Originally labelled “guest workers,” many found a permanent home in Hamburg, and their children have grown up here and particularly left their impact in the Portuguese quarter of the Hanseatic city near the port, today a premium destination for Portuguese dining.
On occasion of the 50-year anniversary of the treaty, Hamburg’s First Mayor Olaf Scholz said at the Senate’s reception. “I’m glad about as Hamburg’s trans-national traditions, and we are very fortunate to find so much of Portugal here in Hamburg. I am very pleased that the Free and Hanseatic City of Hamburg was chosen by the Portuguese government as the location of the official celebrations for the Portugal Day and the 50th anniversary of the Portuguese Communities in Germany, “emphasised Scholz. And continued: “In the meantime, there are more Portuguese citzens living in Hamburg than anywhere else in Germany. The Portuguese community comprises more than 9,000 men and women, who have moved to Hamburg since the 1950s, married, and saw their children grow up in Hamburg.”
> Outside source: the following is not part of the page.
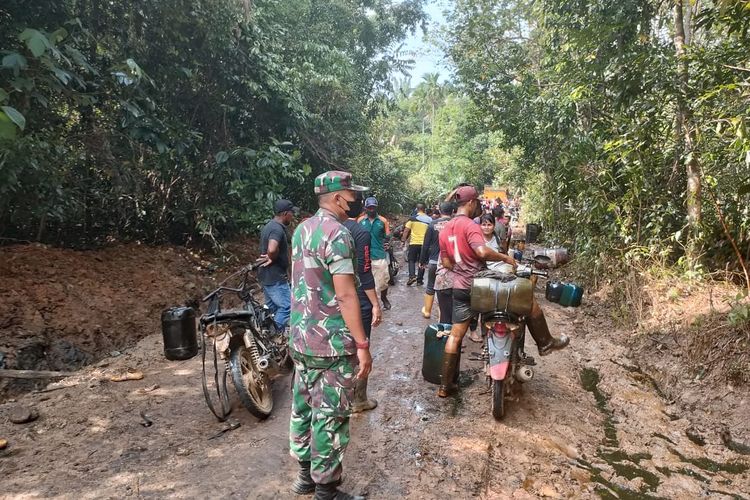 Viral, Puluhan Warga Musi Banyuasin Rebutan Minyak Mentah di Sumur Ilegal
Many offers for a successful start
First Mayor Scholz underlined the many offers by the city to help migrants restart their lives in Hamburg: “The Hamburg Welcome Center, the integration centers in all districts, and the Zentrale Anlaufstelle as central point of contact facilitate the start of a new life in Hamburg. The programme “Make it in Hamburg” supports trainees before leaving their home country to learn the German language, and continues to offer support when living in Germany. “
Naturalisation made easy
Scholz also appealed to them to apply for the German citizenship: “EU foreigners may retain the nationality of their country of origin when naturalised in Germany – many of our migrants in Hamburg just do just that and have both the Portuguese and German citizenship.”